Looking to the future, Perry believes an indoor facility and grass training pitches are vital for the progression of Wairarapa cricket. He highlighted Horowhenua-Kapiti’s indoor facility in Levin as an ideal model to work towards.
“If we have our own facility indoors, people can access that when they need and they can train during the winter. That’s when you make technical progress because you’re not worrying about the delivery, and you can work on those things a lot easier in the winter, but we can’t do that because we don’t have those facilities,’ he said.
“Training on an artificial is not ideal and is hard on bodies. On grass, lengths are different, lines are different, you play a different game, and we talk about being disciplined, but it’s very difficult when you train all the time on a wicket where you can hit through the line and all of a sudden you do that on grass, and it’s nibbling around, and you’re caught at fourth slip.
“Those are the two things, and they cost a lot of money, and there are lot of challenges, but they’re the sort of things that would really help.”
Perry added that it was important for the future that Wairarapa Cricket tap into the knowledge of former Black Cap and CD veteran Seth Rance, who is in the twilight of his professional career.
“Every time Seth is around the group, he brings so much to it, he lifts everybody 10-15 per cent with his professionalism, his mana, and he’s without equal in the district.

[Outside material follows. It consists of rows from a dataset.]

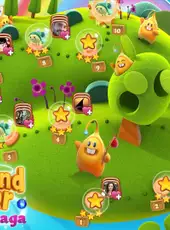 Diamond Digger Saga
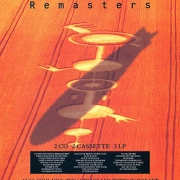 Remasters ad (1990)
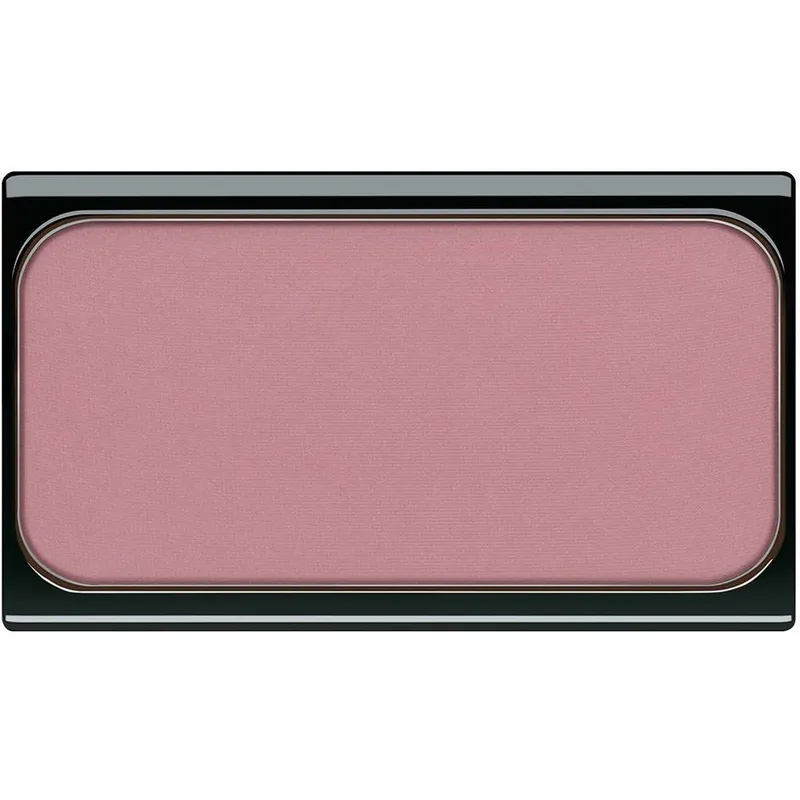 Artdeco Compact Blusher 40 Crown Pink Blush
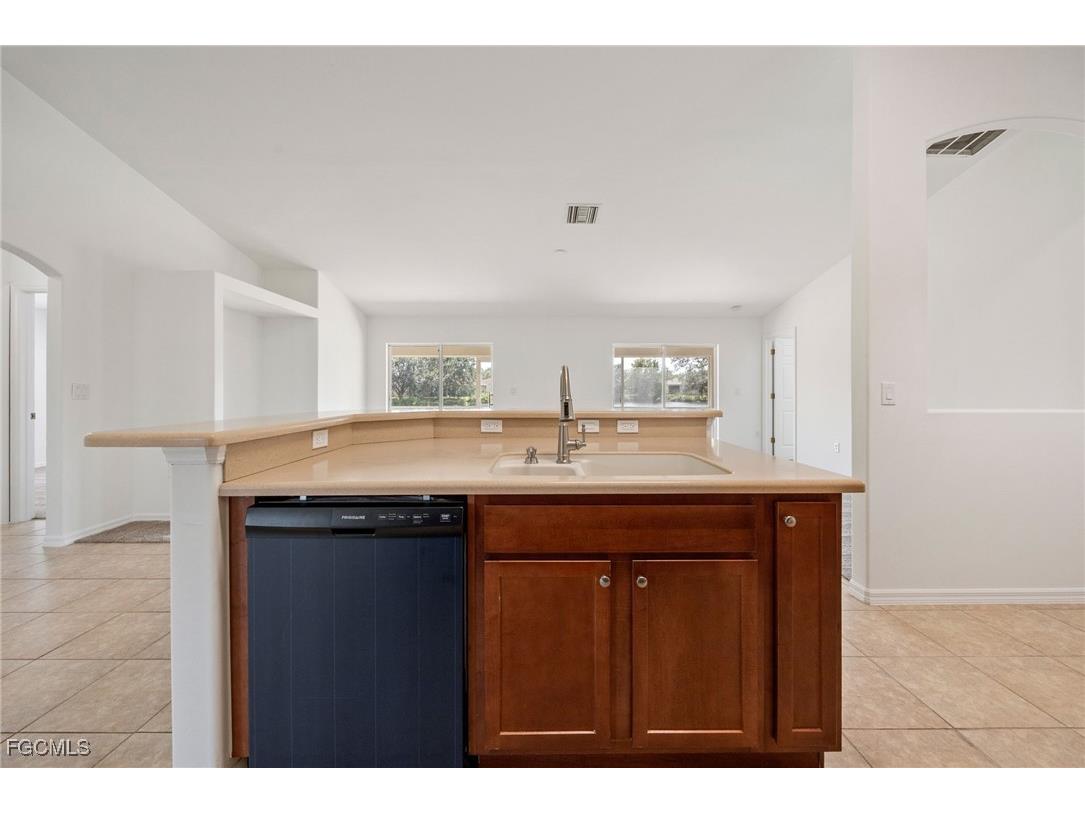 2560 Hawks Preserve Drive Fort Myers FL 33905 2025012997 image16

People respect him; his knowledge is great, his enthusiasm, his passion, his professionalism just rubs off, so it’s always been an absolute pleasure to have him involved.
“If we can garner his services, his time in any way, shape or form, that has to be a huge benefit for the district and for everybody involved.”
Perry said there are lots of little memories from the eight seasons, and every time he mentions one another, 20 come to mind.
Jared van Deventer scored 160, the second-highest score in Wairarapa rep history, and Rance’s record-breaking 9-26, both in this season’s Furlong Cup first innings win over Whanganui, Hook setting a new record of 148 wickets for Wairarapa in Hawke Cup cricket, Brock Price going from showing potential to scoring a couple of centuries in a year, and the joy of Ethan Childs hitting the splice of a Manawatu bat for a catch in the gully, with the players going ballistic for getting the first innings win are standouts.
“The joy of the players achieving things they’ve been striving towards is the biggest memory I will be taking away,” Perry concluded.